Di Piala Dunia 1998, mereka hanya kalah dari tuan rumah Prancis dan akhirnya menjadi pemenang. Sebuah kisah Cinderella yang sulit diukir oleh negara manapun.
Setelah mengukir cerita hebat, prestasi Kroasia sempat seret. Mereka menemui kegagalan di empat edisi selanjutnya, sebelum momen Piala Dunia 2018 Rusia.
Luka Modric, sebagai jenderal lapangan tengah Kroasia berhasil memperbaiki raihan mereka di kompetisi empat tahunan itu, dengan mengalahkan Inggris di babak empat besar sebelum kalah dari Prancis – lagi – di Final.

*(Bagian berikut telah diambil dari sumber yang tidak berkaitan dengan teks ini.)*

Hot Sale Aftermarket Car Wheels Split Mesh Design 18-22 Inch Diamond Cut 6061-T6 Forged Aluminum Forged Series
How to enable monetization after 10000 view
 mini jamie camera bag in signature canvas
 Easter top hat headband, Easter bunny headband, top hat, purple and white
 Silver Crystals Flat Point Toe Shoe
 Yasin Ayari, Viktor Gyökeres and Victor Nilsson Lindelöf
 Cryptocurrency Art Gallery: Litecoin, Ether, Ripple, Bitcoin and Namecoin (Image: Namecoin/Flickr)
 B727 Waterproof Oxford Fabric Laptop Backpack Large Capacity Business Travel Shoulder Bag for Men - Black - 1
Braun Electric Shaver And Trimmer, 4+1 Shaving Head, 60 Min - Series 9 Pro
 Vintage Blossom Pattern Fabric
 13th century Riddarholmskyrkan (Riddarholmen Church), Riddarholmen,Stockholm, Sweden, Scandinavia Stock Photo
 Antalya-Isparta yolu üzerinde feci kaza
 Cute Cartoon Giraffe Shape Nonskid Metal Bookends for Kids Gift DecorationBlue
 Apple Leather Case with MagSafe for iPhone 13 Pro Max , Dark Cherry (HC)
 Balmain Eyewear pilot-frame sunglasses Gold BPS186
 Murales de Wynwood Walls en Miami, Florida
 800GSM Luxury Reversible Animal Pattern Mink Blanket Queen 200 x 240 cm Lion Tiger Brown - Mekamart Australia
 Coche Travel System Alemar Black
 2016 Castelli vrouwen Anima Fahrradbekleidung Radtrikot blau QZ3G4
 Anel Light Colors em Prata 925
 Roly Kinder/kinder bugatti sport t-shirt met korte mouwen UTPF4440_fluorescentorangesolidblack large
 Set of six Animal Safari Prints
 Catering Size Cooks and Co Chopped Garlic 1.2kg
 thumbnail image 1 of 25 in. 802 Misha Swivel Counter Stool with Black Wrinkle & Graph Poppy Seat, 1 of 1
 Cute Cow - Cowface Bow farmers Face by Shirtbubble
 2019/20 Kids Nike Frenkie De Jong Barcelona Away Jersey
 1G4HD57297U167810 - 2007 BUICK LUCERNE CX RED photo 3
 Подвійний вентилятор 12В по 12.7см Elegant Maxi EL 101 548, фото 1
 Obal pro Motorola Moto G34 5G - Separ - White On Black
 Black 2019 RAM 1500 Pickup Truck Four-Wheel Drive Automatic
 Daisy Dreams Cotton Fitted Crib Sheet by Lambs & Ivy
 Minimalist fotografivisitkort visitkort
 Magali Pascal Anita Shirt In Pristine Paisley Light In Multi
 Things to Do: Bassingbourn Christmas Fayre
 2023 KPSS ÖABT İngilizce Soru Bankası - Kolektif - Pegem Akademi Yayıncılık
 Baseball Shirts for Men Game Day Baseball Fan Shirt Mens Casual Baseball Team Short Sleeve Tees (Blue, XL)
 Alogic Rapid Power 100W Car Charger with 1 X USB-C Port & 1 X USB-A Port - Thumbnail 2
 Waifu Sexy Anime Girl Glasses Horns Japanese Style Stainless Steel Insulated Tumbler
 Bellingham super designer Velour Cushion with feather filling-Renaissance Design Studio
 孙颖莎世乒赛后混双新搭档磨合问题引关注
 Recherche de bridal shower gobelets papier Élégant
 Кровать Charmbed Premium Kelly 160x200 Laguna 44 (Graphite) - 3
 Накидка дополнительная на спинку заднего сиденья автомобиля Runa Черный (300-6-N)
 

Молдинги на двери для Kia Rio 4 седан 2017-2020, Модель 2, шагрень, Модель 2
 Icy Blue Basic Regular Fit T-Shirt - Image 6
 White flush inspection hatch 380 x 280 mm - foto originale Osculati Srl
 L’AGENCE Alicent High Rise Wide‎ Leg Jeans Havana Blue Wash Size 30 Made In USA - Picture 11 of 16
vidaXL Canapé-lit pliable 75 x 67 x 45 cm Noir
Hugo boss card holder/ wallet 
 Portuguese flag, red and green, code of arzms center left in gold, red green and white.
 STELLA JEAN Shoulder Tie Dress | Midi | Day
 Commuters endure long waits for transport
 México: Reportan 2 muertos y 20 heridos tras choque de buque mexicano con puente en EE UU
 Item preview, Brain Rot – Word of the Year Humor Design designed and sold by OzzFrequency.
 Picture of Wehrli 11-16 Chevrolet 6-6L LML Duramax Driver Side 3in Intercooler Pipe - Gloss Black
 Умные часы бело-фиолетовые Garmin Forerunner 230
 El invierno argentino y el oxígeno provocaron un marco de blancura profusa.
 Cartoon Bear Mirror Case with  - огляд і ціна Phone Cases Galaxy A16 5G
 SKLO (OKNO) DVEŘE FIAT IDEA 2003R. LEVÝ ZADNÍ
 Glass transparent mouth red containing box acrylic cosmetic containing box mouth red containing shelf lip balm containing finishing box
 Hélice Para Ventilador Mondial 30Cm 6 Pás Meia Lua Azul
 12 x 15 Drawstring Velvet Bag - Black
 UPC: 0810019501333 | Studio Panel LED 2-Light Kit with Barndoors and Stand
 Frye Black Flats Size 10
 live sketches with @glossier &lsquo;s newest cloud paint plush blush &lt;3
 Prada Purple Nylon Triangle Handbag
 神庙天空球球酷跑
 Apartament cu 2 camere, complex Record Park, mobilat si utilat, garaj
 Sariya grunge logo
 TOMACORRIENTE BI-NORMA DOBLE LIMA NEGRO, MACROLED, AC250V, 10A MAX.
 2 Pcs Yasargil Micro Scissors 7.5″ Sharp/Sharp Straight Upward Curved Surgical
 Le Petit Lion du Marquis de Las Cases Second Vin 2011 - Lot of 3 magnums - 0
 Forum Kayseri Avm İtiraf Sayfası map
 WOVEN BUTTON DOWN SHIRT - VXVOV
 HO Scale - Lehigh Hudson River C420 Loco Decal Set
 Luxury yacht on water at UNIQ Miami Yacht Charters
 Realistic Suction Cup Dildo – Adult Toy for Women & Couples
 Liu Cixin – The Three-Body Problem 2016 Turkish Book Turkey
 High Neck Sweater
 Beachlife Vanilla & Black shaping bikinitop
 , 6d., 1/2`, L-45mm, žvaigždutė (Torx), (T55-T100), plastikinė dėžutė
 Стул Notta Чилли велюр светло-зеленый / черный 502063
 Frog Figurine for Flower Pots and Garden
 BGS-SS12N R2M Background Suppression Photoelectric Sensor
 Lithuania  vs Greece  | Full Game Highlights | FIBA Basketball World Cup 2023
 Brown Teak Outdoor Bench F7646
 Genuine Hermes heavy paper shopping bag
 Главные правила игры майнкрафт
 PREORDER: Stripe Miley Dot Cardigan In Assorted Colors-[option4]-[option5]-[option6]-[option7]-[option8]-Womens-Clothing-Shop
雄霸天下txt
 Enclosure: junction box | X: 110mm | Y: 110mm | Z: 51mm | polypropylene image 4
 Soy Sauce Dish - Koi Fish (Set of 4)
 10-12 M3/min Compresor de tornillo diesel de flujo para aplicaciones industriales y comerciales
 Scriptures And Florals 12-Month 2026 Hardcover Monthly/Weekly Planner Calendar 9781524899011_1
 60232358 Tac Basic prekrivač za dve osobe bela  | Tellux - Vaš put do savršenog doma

Impian Besar Perwakilan Eropa Timur
Jika melihat kultur sepak bola, Eropa Barat jauh lebih memikat dibandingkan Eropa Timur. Negara Eropa Barat, yang terdiri dari tim-tim besar macam Inggris, Spanyol, Jerman dan Italia kerap menjadi poros dan sorotan pesepakbolaan dunia.
Sementara di Eropa Timur, baik itu klub dan negaranya hanya dianggap sebagai pelengkap turnamen. Hingga saat ini, tak banyak klub yang menyabet juara kompetisi elit Benua Biru.
Sedangkan di level negara, praktis hanya Yunani menorehkan kisah gemilangnya di Euro 2004 silam. Selanjutnya, belum ada lagi negara di Eropa Timur yang keluar sebagai juara di berbagai turnamen mayor.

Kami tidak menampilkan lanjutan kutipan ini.